Problem >>
Return only the lines from the top of the data down to the one that holds "Computer, keyboard, cup", both included, without any pictures.
Records for this exercise below:
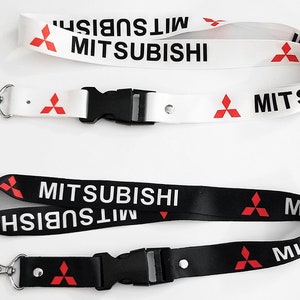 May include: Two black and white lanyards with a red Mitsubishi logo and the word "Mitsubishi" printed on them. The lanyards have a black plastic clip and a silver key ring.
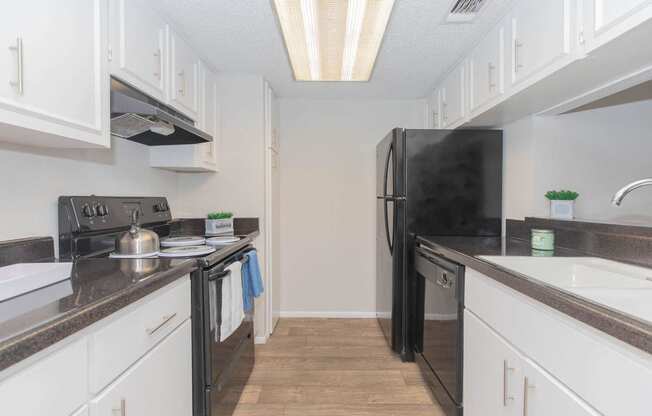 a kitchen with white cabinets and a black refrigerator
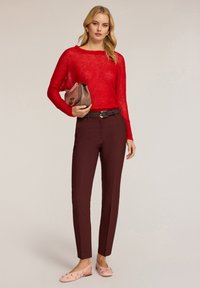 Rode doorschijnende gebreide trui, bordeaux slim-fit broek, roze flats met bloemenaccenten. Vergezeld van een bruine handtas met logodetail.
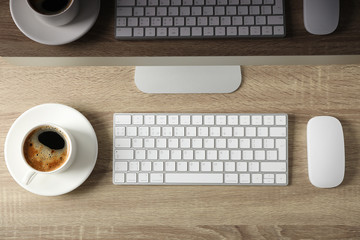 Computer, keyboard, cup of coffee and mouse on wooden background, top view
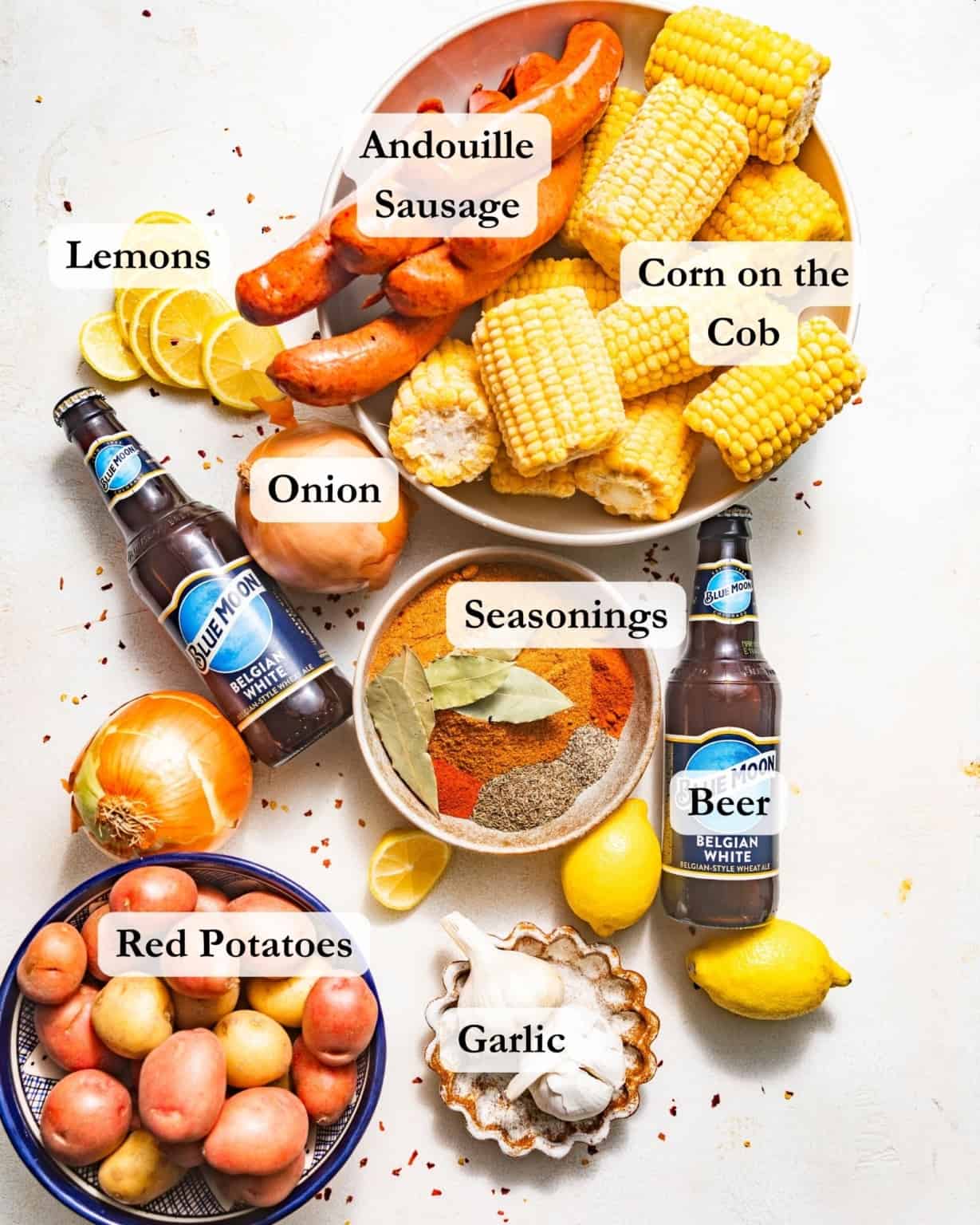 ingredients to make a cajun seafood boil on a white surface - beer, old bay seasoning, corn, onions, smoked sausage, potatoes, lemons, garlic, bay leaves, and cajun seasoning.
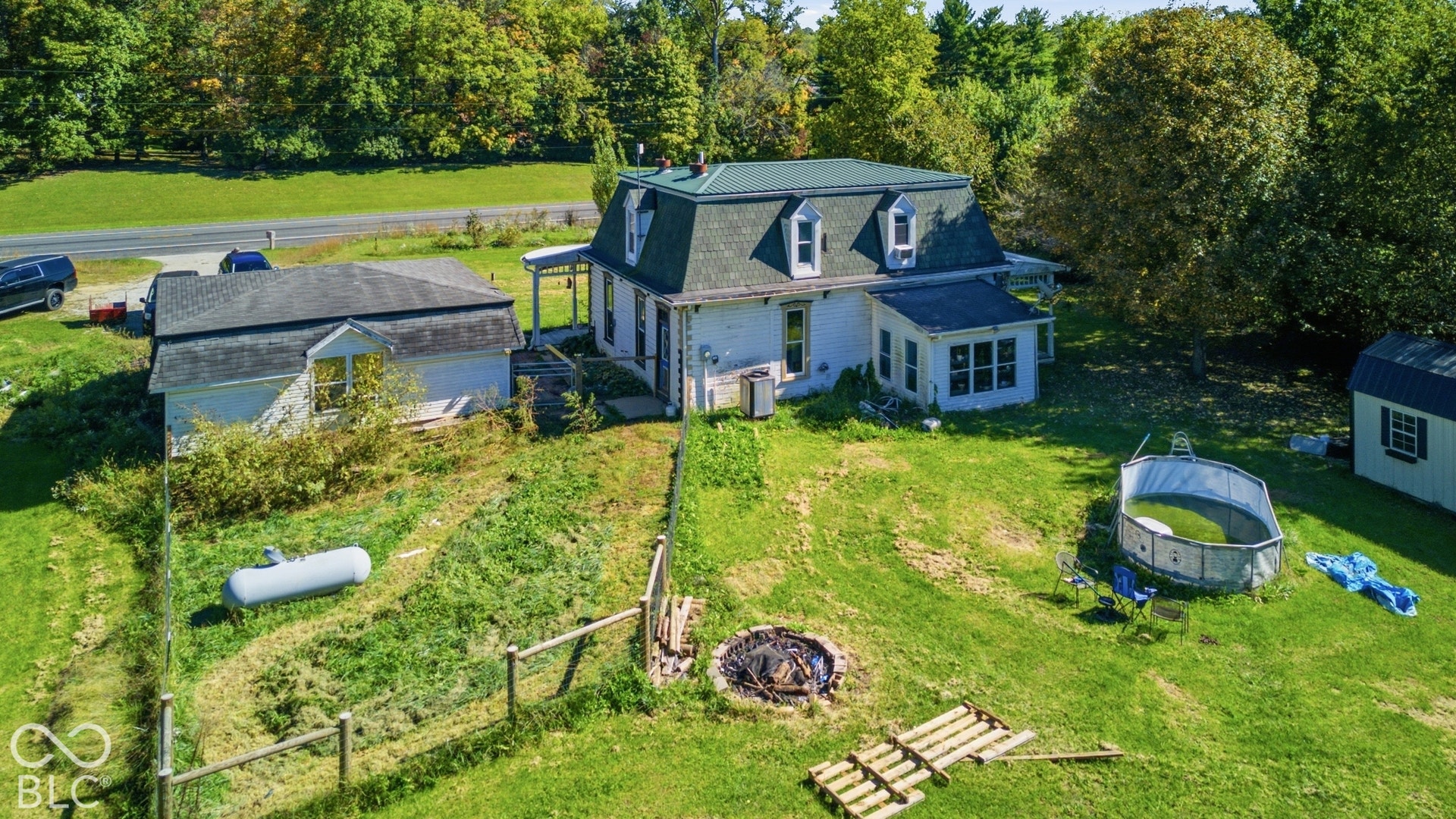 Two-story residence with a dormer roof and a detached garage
End of Records for this exercise.
Solution to this exercise >>
 May include: Two black and white lanyards with a red Mitsubishi logo and the word "Mitsubishi" printed on them. The lanyards have a black plastic clip and a silver key ring.
 a kitchen with white cabinets and a black refrigerator
 Rode doorschijnende gebreide trui, bordeaux slim-fit broek, roze flats met bloemenaccenten. Vergezeld van een bruine handtas met logodetail.
 Computer, keyboard, cup of coffee and mouse on wooden background, top view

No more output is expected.